Required work
Go through the records and set each one down exactly, skipping any picture.

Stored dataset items

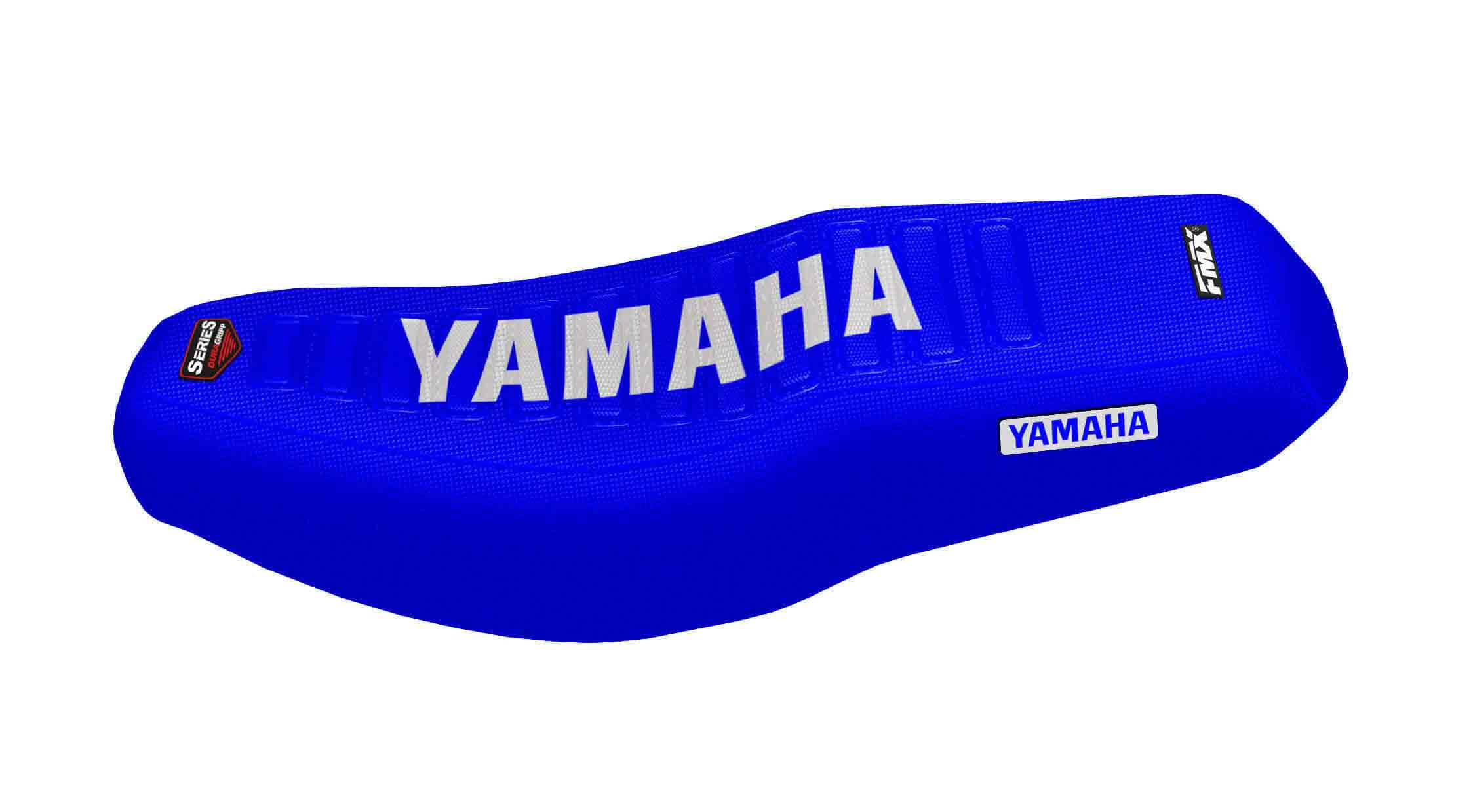 Funda Asiento Yamaha Crypton Modelo Viejo Series Fmx Covers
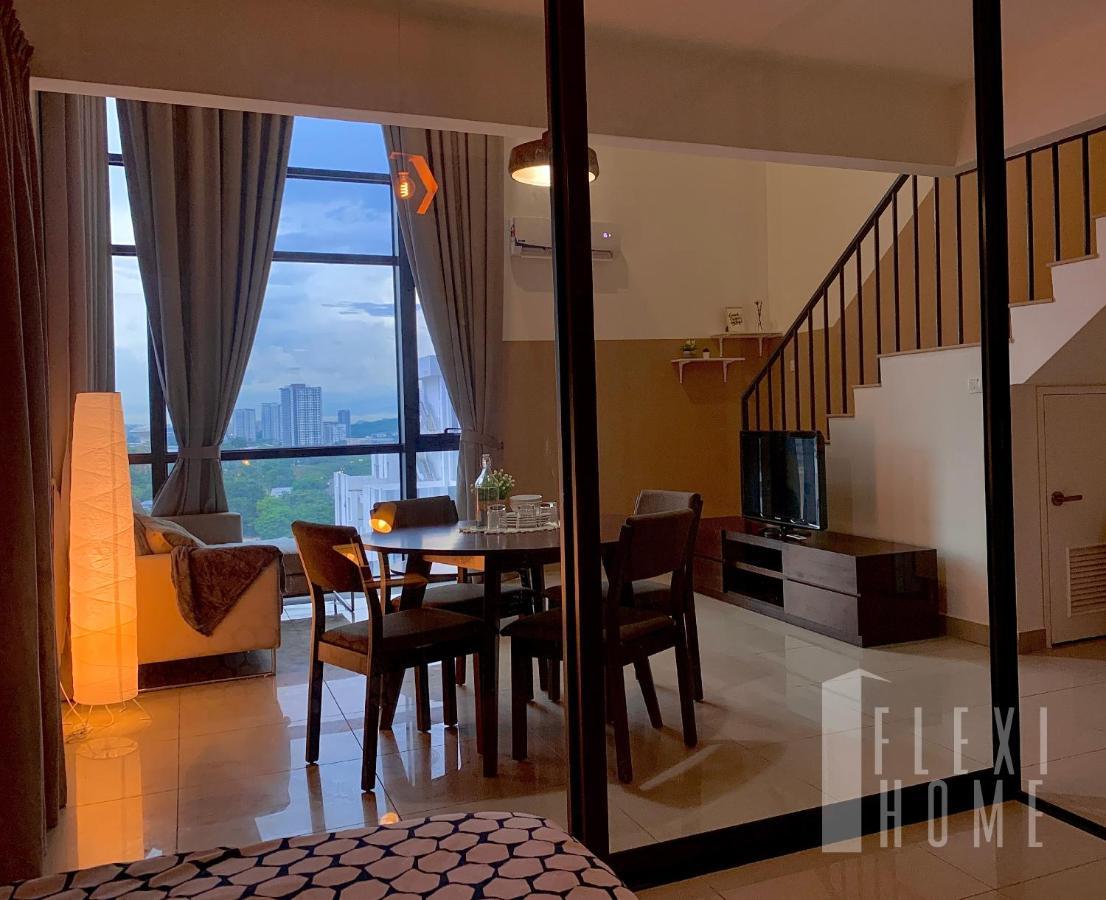 Spacious Big Room, Designed & Quiet Family Home, Eclipse In Cyberjaya By Flexihome-My Екстер'єр фото
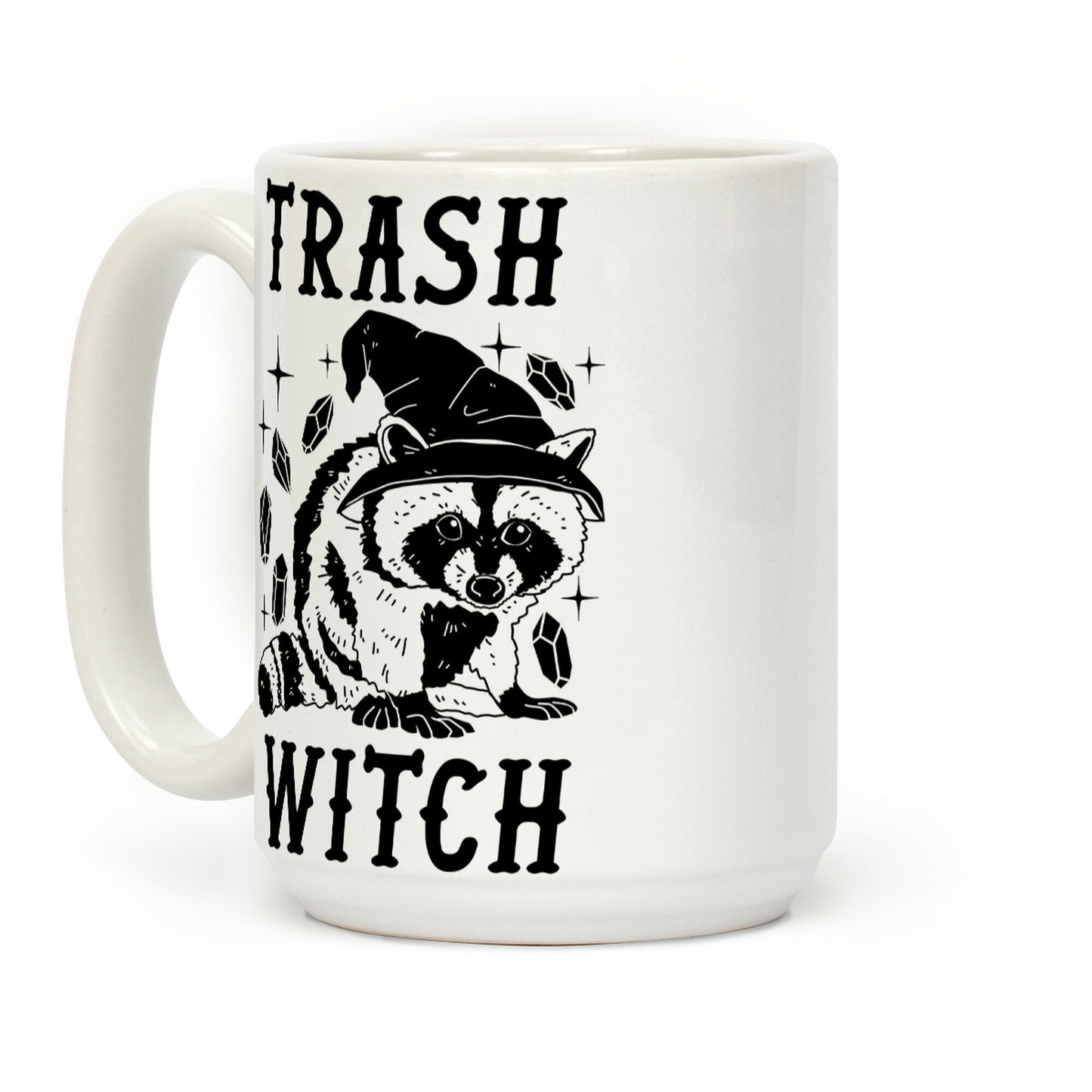 Trash Witch Coffee Mug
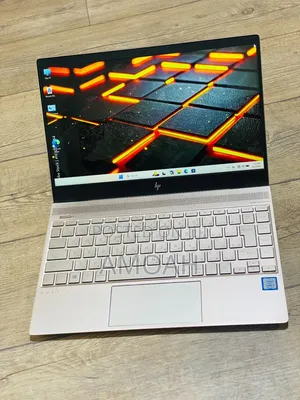 Laptop HP Envy 13 8GB Intel Core i5 SSD 256GB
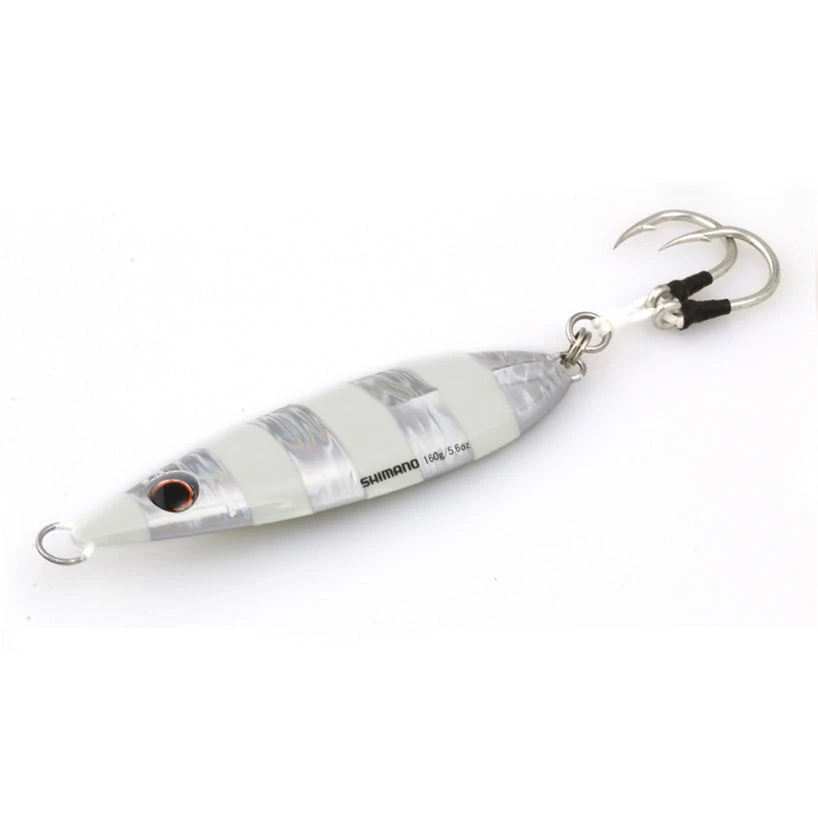 Shimano Butterfly Flat-Fall Jigs 3 Shimano Butterfly Flat-Fall Jigs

Exercise result
 Funda Asiento Yamaha Crypton Modelo Viejo Series Fmx Covers
 Spacious Big Room, Designed & Quiet Family Home, Eclipse In Cyberjaya By Flexihome-My Екстер'єр фото
 Trash Witch Coffee Mug
 Laptop HP Envy 13 8GB Intel Core i5 SSD 256GB
 Shimano Butterfly Flat-Fall Jigs 3 Shimano Butterfly Flat-Fall Jigs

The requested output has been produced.